Before I can answer, the door opens and Lorenzo steps inside. The room changes instantly. It always does when he enters. He takes in the scene in one sweep—me upright in bed, the doctor seated close, the tension still humming in the air—and his gaze settles on the doctor first.
“Well?”
She rises smoothly. “Mother and baby are stable. She’s fit to travel, provided she continues to rest.”
His eyes shift to me, and I refuse to look away.
“Good,” he says.
The doctor closes her bag. “Reach out if you have any questions. And be sure to see someone in Chicago.”
Then she’s gone.
And just like that, it’s only the two of us again.
Lorenzo closes the door softly behind her. He turns back to me and leans one shoulder against the wood, studying me in silence.
“What did you ask her for?” he says at last.
I go still. “What makes you think I asked for anything?”
“Because you have that look on your face.”
I fold my arms over myself. “And what look is that?”
“The one you get,” he says, voice low, “when you are deciding whether to lie to me prettily or tell me something that will make us both miserable.”
My pulse stutters.
He pushes off the door and walks closer.
“We leave for Chicago tomorrow,” he says.

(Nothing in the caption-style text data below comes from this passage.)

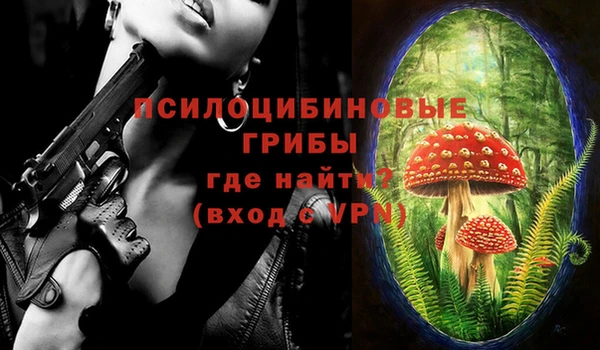 мяу мяу кристалл Арсеньев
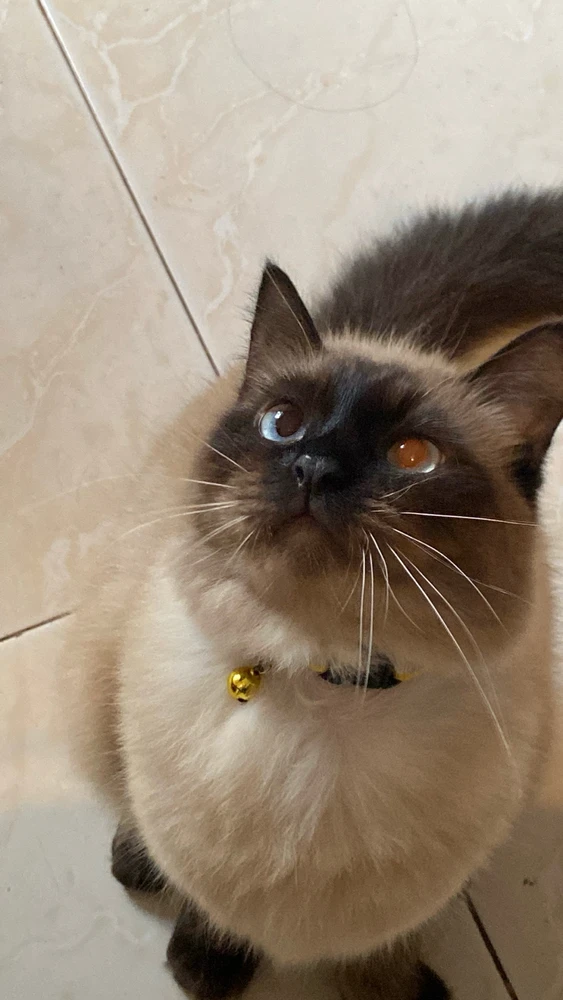 Image uploaded by Mai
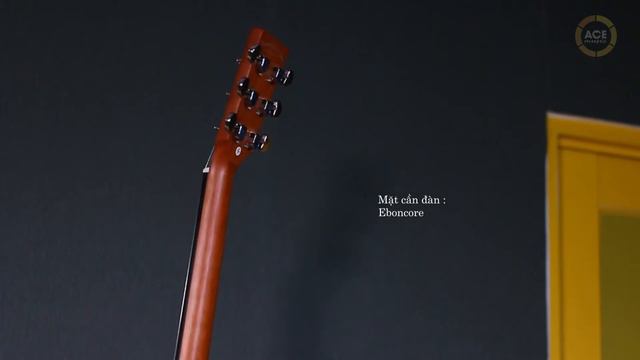 Highlight Đàn Guitar Acoustic Tanglewood TWR2 DCE смотреть онлайн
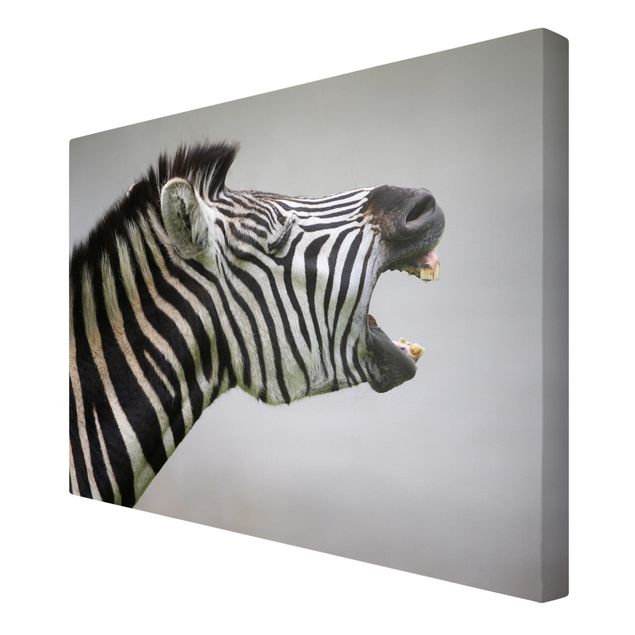 Billeder dyr Roaring Zebra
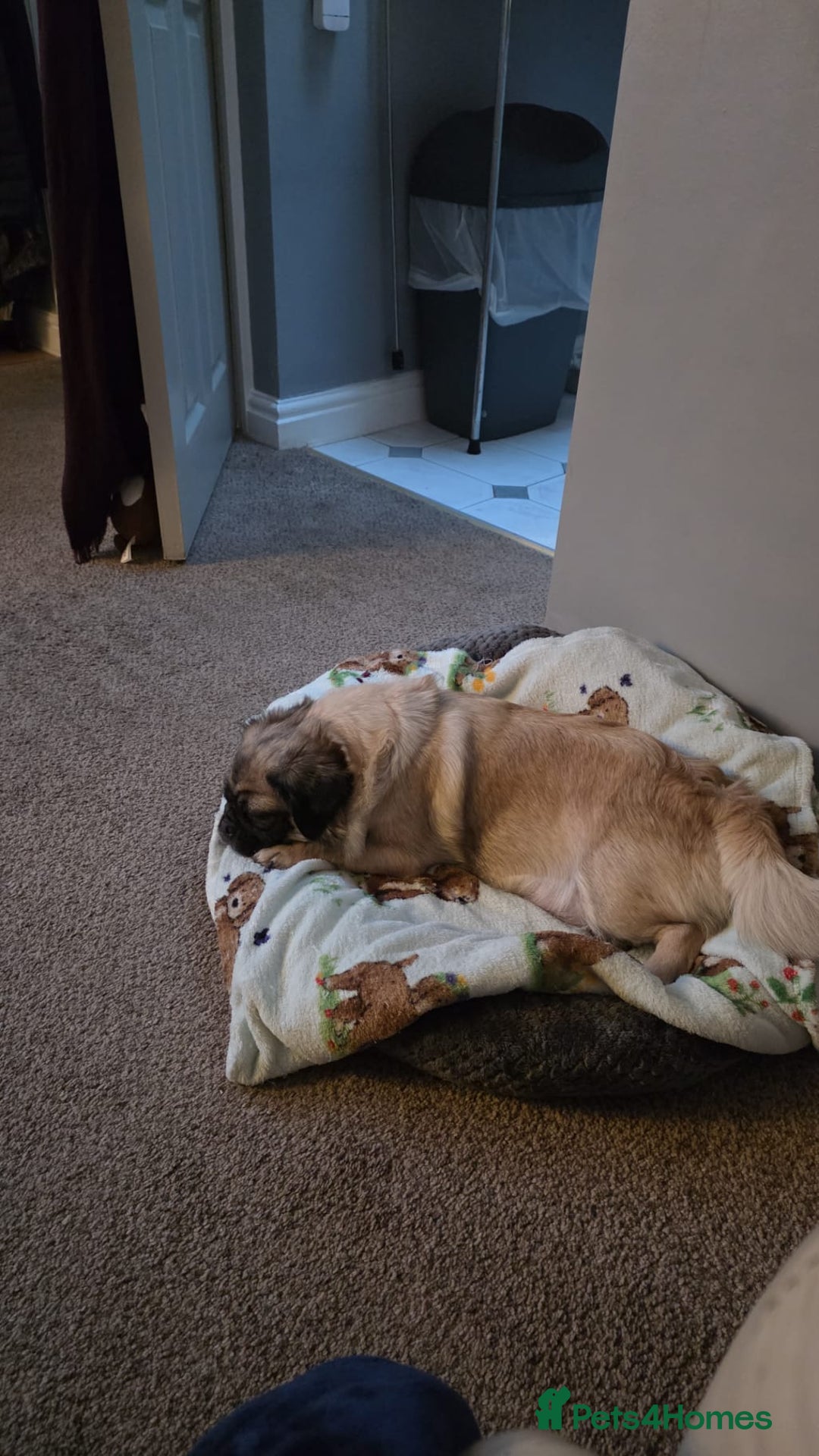 Pug dogs for sale: Beautiful KC Reg spayed fluffy pug needs home 💖 - Advert 10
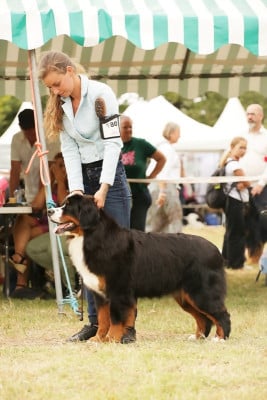 https://chiens-de-france.com/photo/chiens/2025_06/tn200/TN200_2026040304320769cf26a7ce886.jpg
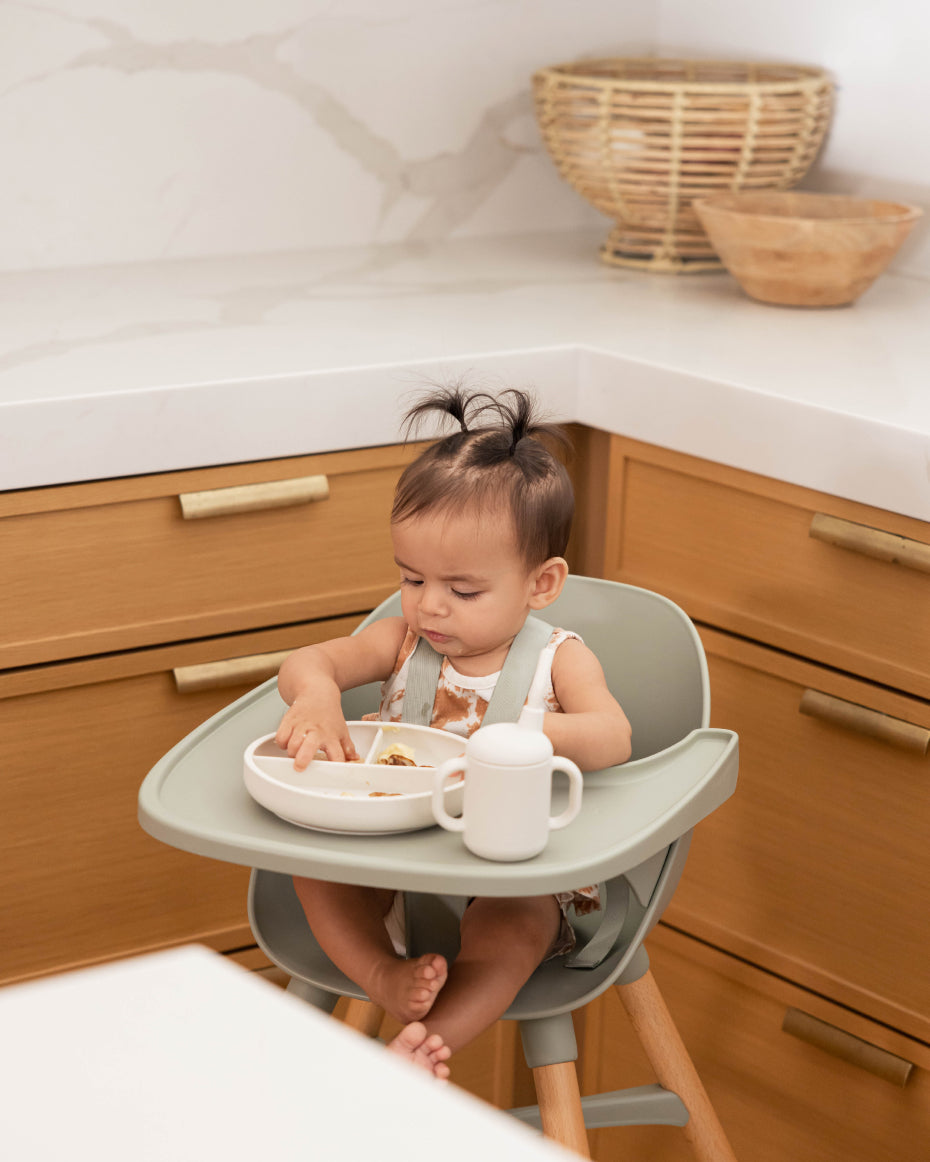 The Chair First Bites Full Kit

My fingers tighten on my sleeves. “I’m not going with you willingly,Dave.”
He stops beside the bed.
“No,” he says quietly. “You aren’t.”
I lift my chin. “Then maybe you should start getting used to hearing no.”
His gaze drops to my lips and then to my stomach for the briefest moment, then rises again.
“Maybe,” he says, “you should start getting used to the fact that I no longer care what you want.”
The words should make me shrink. Instead, anger flashes hot and clean through my veins, and I hate that it’s mixed with arousal.
“See?” I snap. “That. That is exactly why I need to get away from you.”
Something changes in his face.
“You think I am the danger here.”
“Aren’t you?”
For one suspended second, neither of us moves.
Then he braces a hand on the mattress near my knee and leans down, close enough that I can feel the heat of him, smell the crisp dark scent of his clothes, see the exhaustion carved into the edges of his mouth.